First, it is based on a patent misreading of section 1692. The “adjust the equities” language relied upon by the trial court comes from the section’s fourth paragraph, which states as follows: “If in an action or proceeding a party seeks relief based upon rescission, the court may require the party to whom such relief is granted to make any compensation to the other which justice may require and may otherwise in its judgment adjust the equities between the parties.” (Italics added.) That paragraph plainly provides that a court may “adjust the equities” only when the litigant seeking rescission prevails on that claim—that is, when “such relief is granted.” Here, no rescissionary relief was granted to Guan. The trial court expressly found that while there was some evidence to support Guan’s claim for rescission, it was “not sufficient evidence, in the court’s view, to support rescission of the contract on statutory grounds.” In other words, the factual finding as to Guan’s claim for rescission made it legally impossible for the trial court to adjust the equities between Guan and Hu.
Second, to the extent that the trial court’s decision was based on section 1692’s second paragraph, it rests on a flawed interpretation of that provision’s language. Section 1692’s second paragraph provides as follows: “If in an action or proceeding a party seeks relief based upon rescission and the court determines that the contract has not been rescinded, the court may grant any party to the action any other relief to which he may be entitled under the circumstances.” (Italics added.) The statement of decision indicated that trial court believed that Guan, although he failed to prevail on any of his claims, was nonetheless entitled to relief because Hu breached the Agreement. Such an interpretation of the term “entitled,” however, is inconsistent with (1) that term’s plain meaning, (2) section 1692’s legislative history, and (3) established judicial policy.
- The plain meaning of entitled is inconsistent with the trial court’s interpretation
The plain meaning of entitled—both in general usage and as that term is generally understood in a legal sense—links a conferred benefit with a right to receive that benefit. For example, Webster’s Third New International Dictionary defines “entitle” as “to give a right or legal title to quantify (one) for something . . . : [to] furnish with proper grounds for seeking or claiming something.” (Webster’s 3d New Internat. Dict. (2002) p. 758, col. 1.) Similarly, Black’s Law Dictionary defines “entitle” as “to . . . qualify for” and an “entitlement” as “[a]n absolute right to a . . . benefit . . . granted immediately upon meeting a legal requirement.” (Black’s Law Dict. (10th ed. 2014) p. 649, col. 2.) A respected scholar on legal writing and usage has described the phrase “is entitled to” as “[w]ords of [a]uthority,” which mean “ ‘has a right to.’ ” (Garner, Dict. Of Modern Legal Usage (2d ed. 1997), p. 319, col. 1 and p. 942, col. 1.) Here, Guan was not “entitled” to any relief under the circumstances, because he failed to prevail on any of the claims alleged in his FAC—that is, he failed to establish a right to relief.

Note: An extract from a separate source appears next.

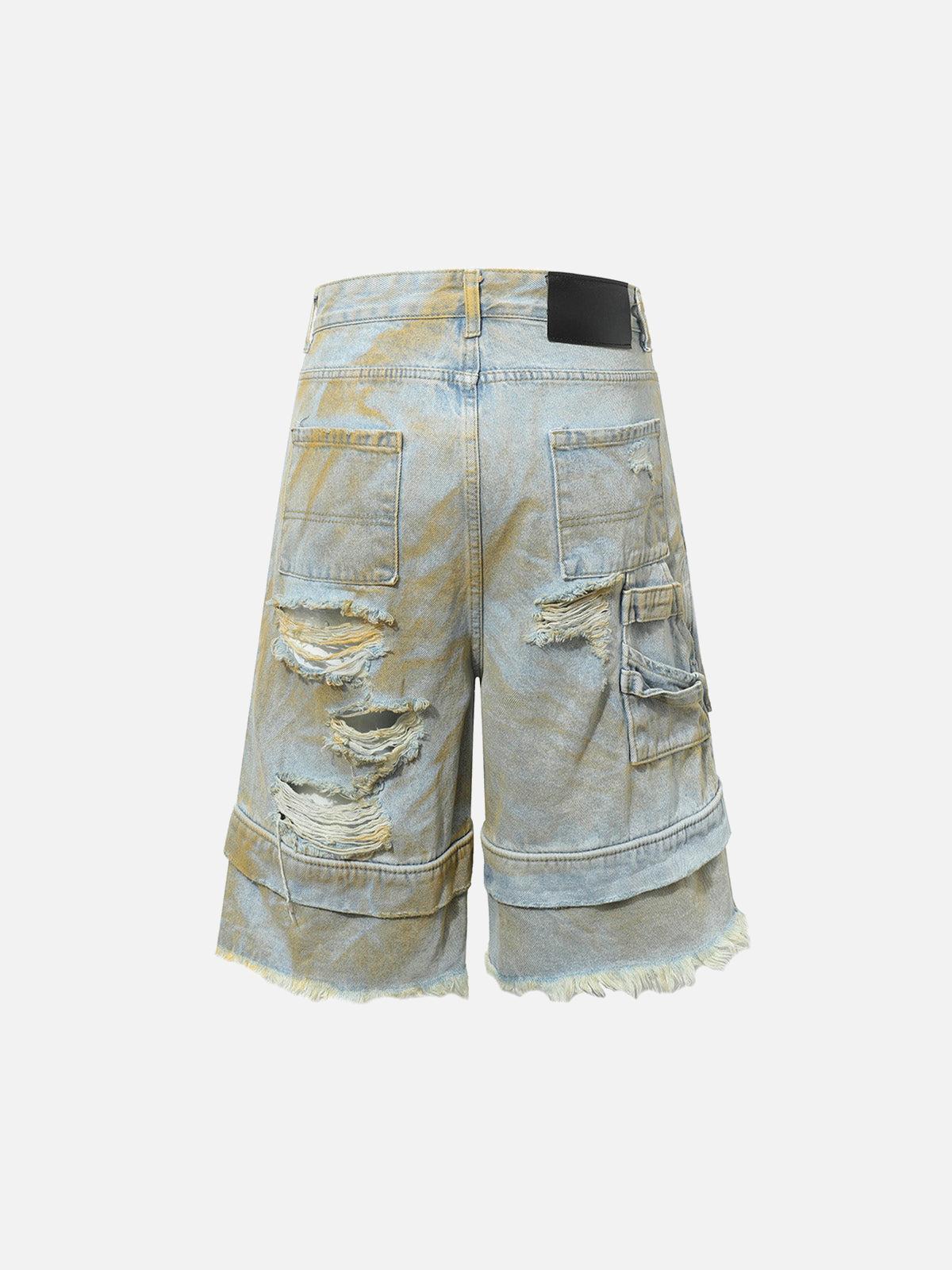 Concert Outfit Distressed Tie-Dye Denim Shorts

Although California is a “code pleading” state, pleadings and the claims asserted therein are not empty formalities. (See generally, 4 Witkin Cal. Procedure (5th ed. 2008) Pleadings §§ 1, 33, 419, pp. 65, 97, 556–557.) In fact, pleadings, especially complaints, perform an essential role—they determine what a party must prove at trial in order to be entitled to relief. As our Supreme Court has observed, “The complaint in a civil action serves a variety of purposes [citation], of which two are relevant here: it serves to frame and limit the issues [citation] and to apprise the defendant of the basis upon which the plaintiff is seeking recovery.” (Committee On Children’s Television, Inc. v. General Foods Corp. (1983) 35 Cal.3d 197, 211–212, superseded on other grounds as stated in Californians for Disability Rights v. Mervyn’s, LLC (2006) 39 Cal.4th 223, 227–228; Simmons v. Ware (2013) 213 Cal.App.4th 1035, 1048 [“ ‘The pleadings are supposed to define the issues to be tried’ ”].)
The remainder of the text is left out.